ミルがなぜ自由を最大限に擁護するのかといえば、それは人間の幸福のためでした。ミルは、思想の自由や意見の自由が保障されることは、個人の満足だけにとどまらず、人類の発展にも寄与すると考えました。なぜなら、意見の多様性や個人の想像力は、人々に真理を見極める力を涵養させ、社会に活力を与え、総体的に人間社会をより良くするに違いないからです。逆に、統治者と多数派の専制を許してしまえば、個人が持つべき自由は抑圧され、議論も活性化せず、権力に追随するだけの閉塞した思考停止社会を生んでしまいます。ミルのこの洞察は、専門家主義、同調圧力、ポピュリズムといった問題を抱える現代社会にもそのまま当てはまる指摘でしょう。ミルの『自由論』を読む意味は、まさにここにあります。自由の擁護は人類の幸福の底上げに直結するというミルのこの考えを、どのように活かすのかということが、私たちの課題でしょう。

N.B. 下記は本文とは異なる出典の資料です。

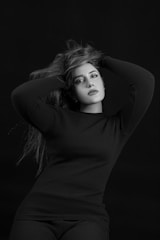 A black and white portrait of a woman posing with her arms raised, fingers running through her long hair. She is wearing a dark long-sleeve top and gazes directly at the camera with an expression of confidence and elegance. The background is plain, emphasizing the subject.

さて、ここで取り上げたいのは、個人の自由はどこまで擁護できるのかという問題です。思想や意見の自由は尊重されなければなりませんが、社会の構成員がそれぞれ思い思いの自由を行使してしまったら、社会は混乱してしまうのではないでしょうか。むしろ、秩序を守るためにも、権力が、個人の自由をある程度、制限するのは致し方ないのではないでしょうか。その場合、権力が、個人の自由に介入できる基準は一体、どこにあるのでしょうか。自由を擁護しながらも、その自由が混乱を招きかねないというこのジレンマについて、ミルは、どのような解決策を用意したのでしょうか。

その原理とは、誰の行為の自由に対してであれ、個人あるいは集団として干渉する場合、その唯一正当な目的は自己防衛だということである。文明社会などの成員に対してであれ、本人の意向に反して権力を行使しても正当でありうるのは、他の人々への危害を防止するという目的の場合だけである。

(『自由論』岩波文庫、J.S.ミル著 関口正司訳 27頁)

これは、「危害原理」(あるいは、自由原理)と呼ばれるものですが、ここでミルが述べているのは、権力が個人の自由に踏み入ることができるのは、あくまでその個人の行為が他の人々への危害を生じさせている、あるいは生じさせることが明白な場合に限るというものです。分かりやすく言えば、他の人に迷惑にならない範囲であれば、何をしても自由だということです。これは、極めて当たり前なことが言われているにすぎないと思うかもしれませんが、具体的な事例に当てはめて考えると、非常に複雑な問題であることが分かります。たとえば、ヘイトスピーチは、他の人々への明白な危害だと言えるでしょうか(私は言えると思います)。また、パンデミックにおいて、マスクを着用しないことは、他の人々への明白な危害だと言えるでしょうか(私は言えないと思います)。このように何を危害と認めるかは、非常に微妙で複雑で、社会の構成員が徹底的に議論しなければならない問題です。ミルの『自由論』は哲学の古典ですが、現在の問題を考える上でも、アクチュアルな論点であり続けています。